Your task is to restate the listing word for word without the pictures.
*** Given information Section Begins ***
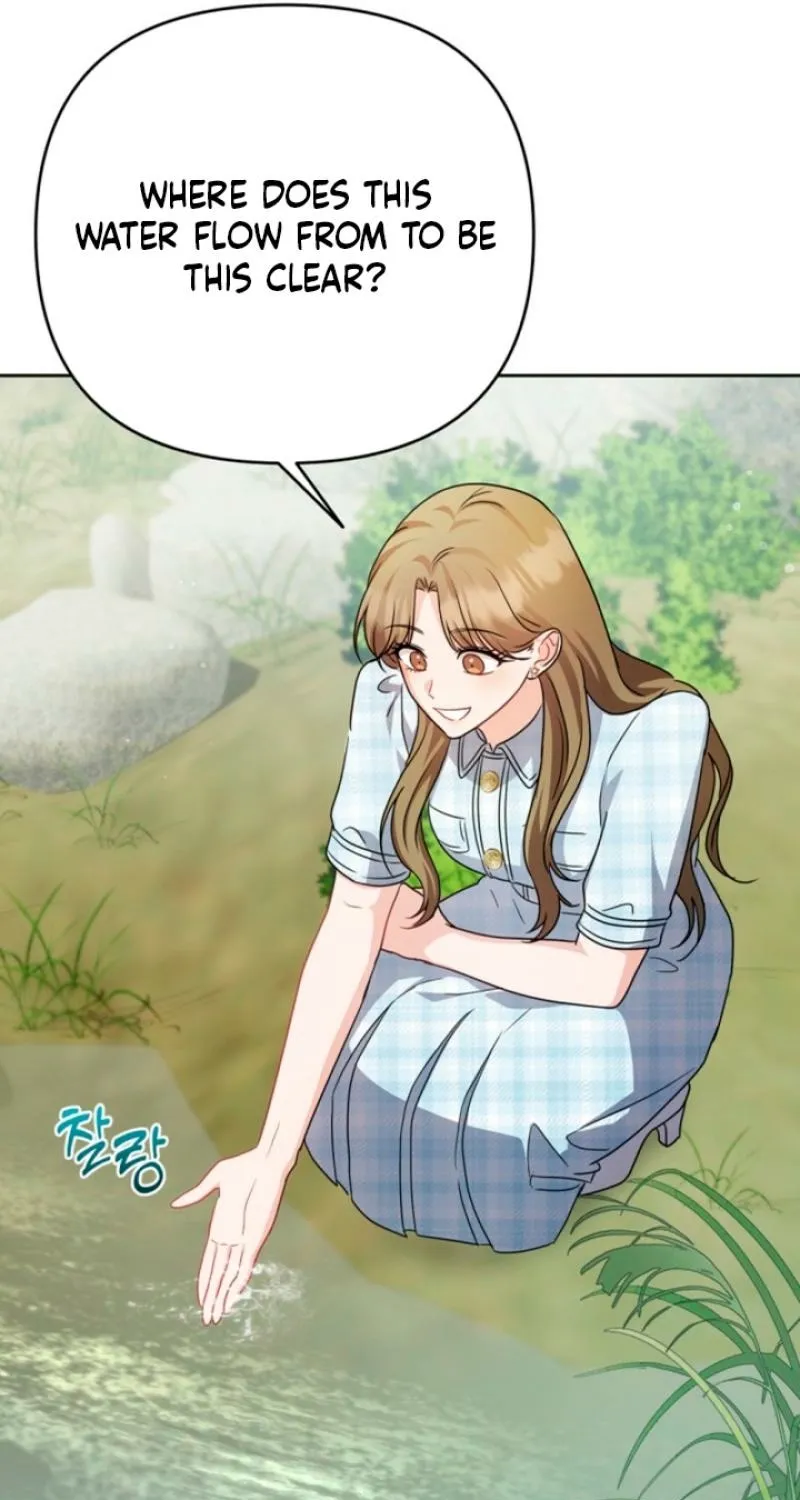 See You in the Chili Pepper Field! Chapter 8 page 73 - 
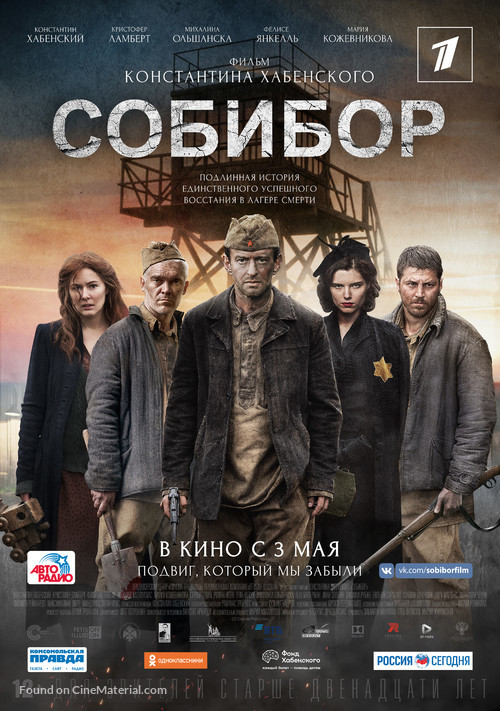 Escape from Sobibor - Russian Movie Poster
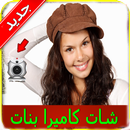 بنات كاميرا فيديو عرب Joke-APK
*** Given information Section Ends ***
Solution:
 See You in the Chili Pepper Field! Chapter 8 page 73 - 
 Escape from Sobibor - Russian Movie Poster
 بنات كاميرا فيديو عرب Joke-APK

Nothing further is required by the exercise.